But being aligned with or a follower of a group isn’t always borne out of logical and rational consideration of that group’s policy proposals and aims. Often, people join a controlling group simply in order to feel powerful. They have visions of stomping the heads of the losing group, or at least shouting in triumph, "My group rules!" We can only understand this tendency — and avoid it in ourselves — if we look closely at group psychology.

It’s Human Desire To Be Part of a Group

In 2020, large political groups and mass cultural movements have engulfed much of our national conversation. We’re more polarized than ever, and groups with very distinct visions of what America is and what it ought to be are vying for influence.
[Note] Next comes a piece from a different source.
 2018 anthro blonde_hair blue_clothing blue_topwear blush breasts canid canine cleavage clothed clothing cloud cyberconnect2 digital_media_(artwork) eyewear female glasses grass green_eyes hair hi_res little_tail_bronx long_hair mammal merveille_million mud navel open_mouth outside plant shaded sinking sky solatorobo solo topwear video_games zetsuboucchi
Many who have aligned themselves with controlling groups don’t seem to understand group psychology. They adopt the ideas of a mass movement not out of careful and logical consideration of that group’s ideals and policy proposals, but because they desire power. Philosopher Bertrand Russell said, “Much that passes as idealism is disguised hatred or disguised love of power.
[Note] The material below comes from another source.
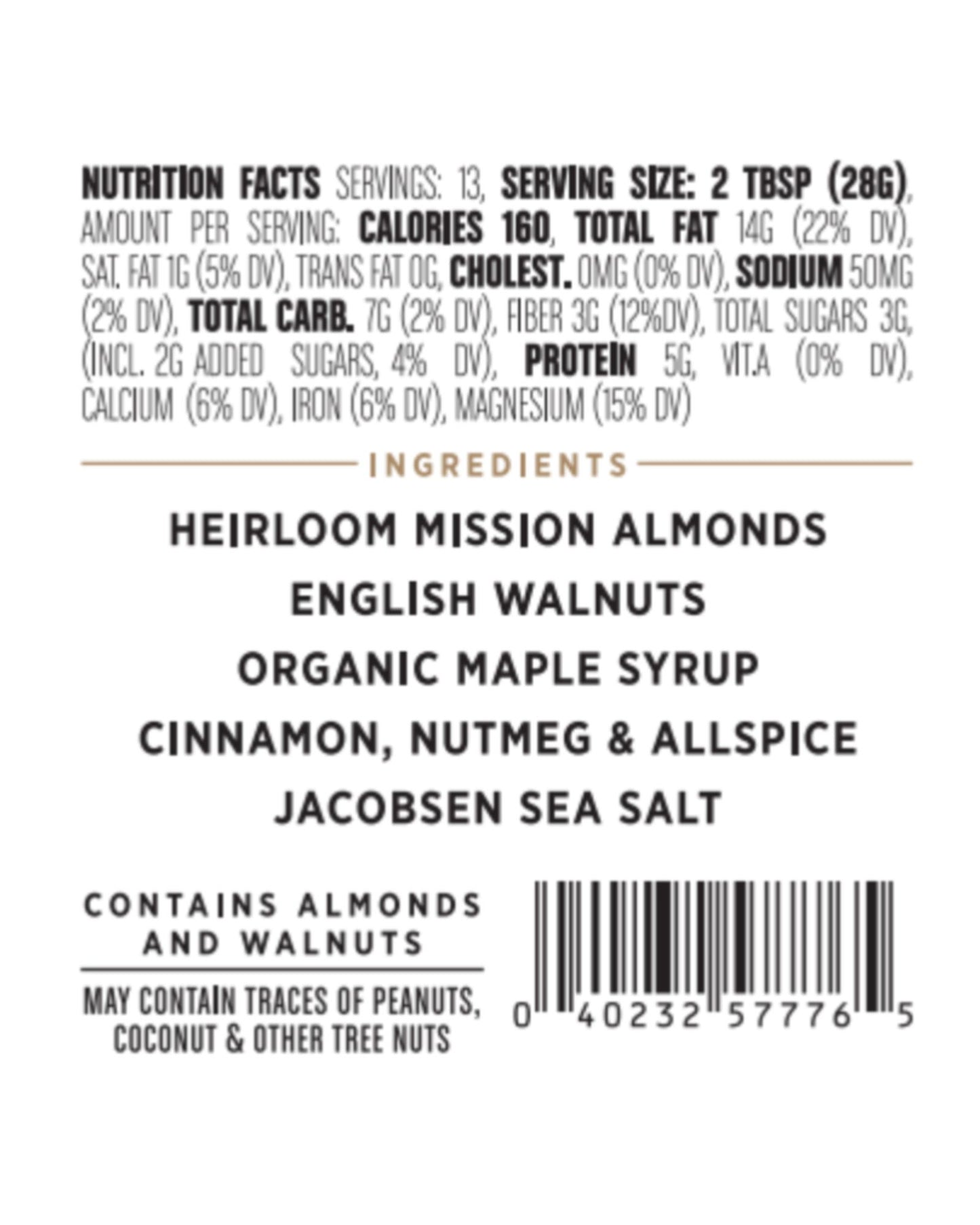 The nutrition panel of Big Spoon Roasters Carrot Cake Almond & Walnut Butter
We join groups to protect ourselves, to be aligned with like-minded people, and to further our interests.

There’s a reason why this is. We’re tribal creatures, and we join groups to protect ourselves, to be aligned with like-minded people, and to further our interests. That’s natural and okay, but the danger of this is that our desire to be part of a group may cause us to fall into groupthink —  a psychological phenomenon in which our desire for harmony or conformity to a group results in irrationality or dysfunctional behavior. We may find ourselves supporting horrible ideas and policies just to be accepted by others.
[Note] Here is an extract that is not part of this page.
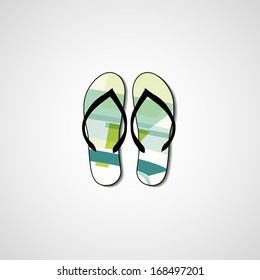 Abstract illustration on flip flops, template editable.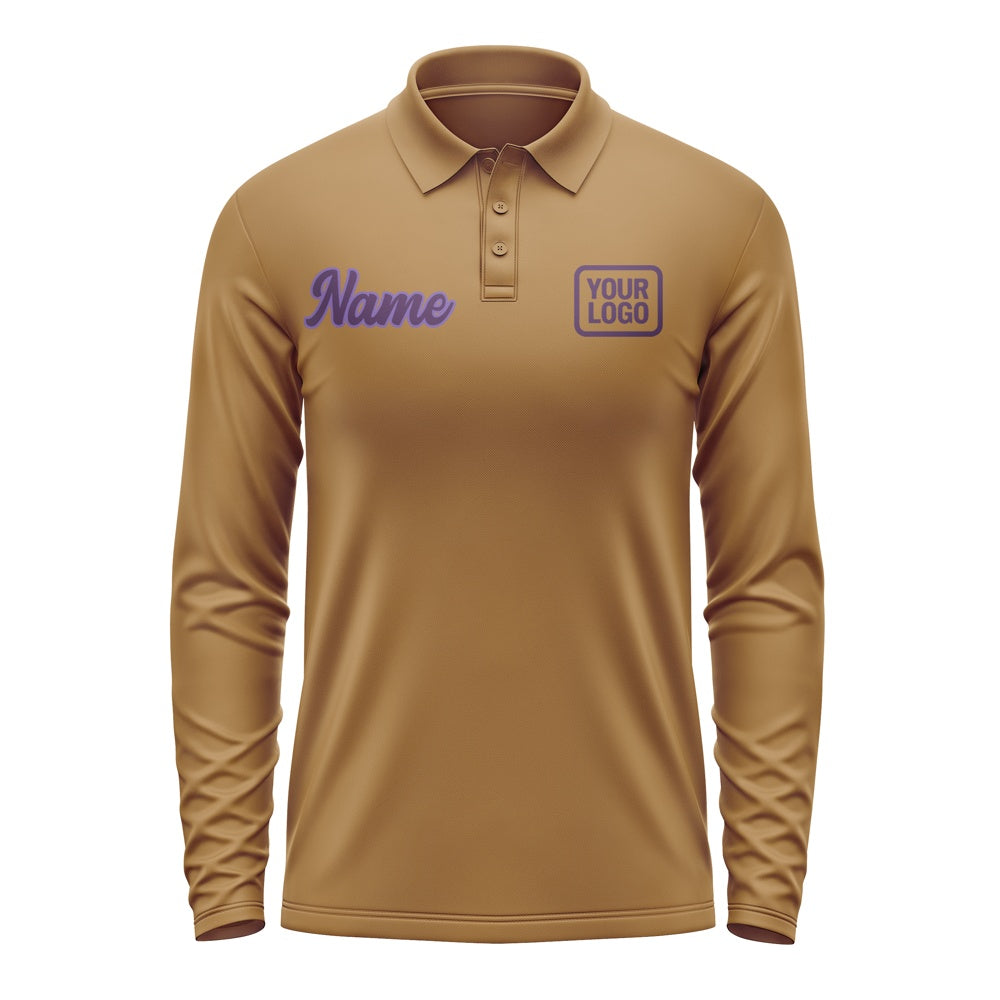 Custom Khaki Purple Long Sleeve Polo Shirt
Keeping Groupthink in Check

While there’s nothing inherently wrong with being a part of a group, we need to be careful to understand our own psychology and not blindly follow a group that has bad ideas that would play out horribly in real life.

The truth is, we’re often too afraid of being cast out of a group to stand up to it when it starts to adopt or promote bad ideas. In our ancestral past, standing outside of the group was dangerous in much more literal ways than it is today — if we were cast out of the tribe, we would literally freeze or starve to death. 

Today, we can see people failing to stand up to powerful groups in modern day cancel culture. When the cancel culture mob descends on a target, we often see people apologize, fire someone, resign, or otherwise bow to the mob because standing against such a powerful group feels dangerous. Even if logic dictates the group is wrong about their assessment, beliefs, or ideals, people join them in lockstep because doing otherwise may make them feel powerless or bring great personal cost.

“In the crowd, one feels no responsibility, but also no fear.”

While we naturally gravitate toward others and feel a strong urge to be accepted as part of a group, this can lead to a state that psychoanalyst Carl Jung called mass-mindedness: instead of thinking for ourselves, we allow the group to think for us. Groups are self-affirming, so even if their ideas are irrational or unethical, speaking out against the group can lead to ostracization and alienation. 

That means that even if the group floats a bad idea or policy proposal, mass-mindedness will lead us to support it. The group has overwhelming influence, so its members act unconsciously, moving in lockstep toward some vision or goal that may ultimately be harmful, but we don’t see it or speak out. Better to be a part of the powerful group than alienated or cast out. As Jung put it, “In the crowd, one feels no responsibility, but also no fear.”

How We Can Avoid Falling into the Power Thirst Trap

So how do we avoid this temptation to be part of a controlling, powerful group? It’s perhaps no coincidence that we’ve seen so many young people join mass political movements in tandem with a rise in self-love culture — the prevalent idea that we’re already perfect, need not improve, and should just “love ourselves as we are.” Self-love culture is actually self-worship culture, and leads us to think we can't be wrong about anything. It encourages us to avoid self-reflection at all costs. But self-reflection is exactly what we need because it may reveal that we’re actually doing something bad in order to feel powerful or in the name of loyalty to a controlling group.

Self-love culture is actually self-worship culture, and it encourages us to avoid self-reflection at all costs. 

As Jung stated, “It is the nature of political bodies always to see the evil in the opposite group, just as the individual has an ineradicable tendency to get rid of everything he does not know and does not want to know about himself by foisting it off on everybody else.”

Quiet self-reflection, away from the influence of other minds, can help us to get strongly rooted in ourselves, see ourselves as autonomous, unique beings, and assess ideas for their merit — not whether or not the group agrees. This can help us avoid the sway of mass groups vying for power.

Closing Thoughts

Humans have a natural desire to align with a group, and that’s okay — but often those groups are just seeking power over others or adopt bad ideas. To avoid falling into line with a nefarious controlling group, we must become aware of our own psychology — not see ourselves as a unit whose existence is solely defined by participation in a group.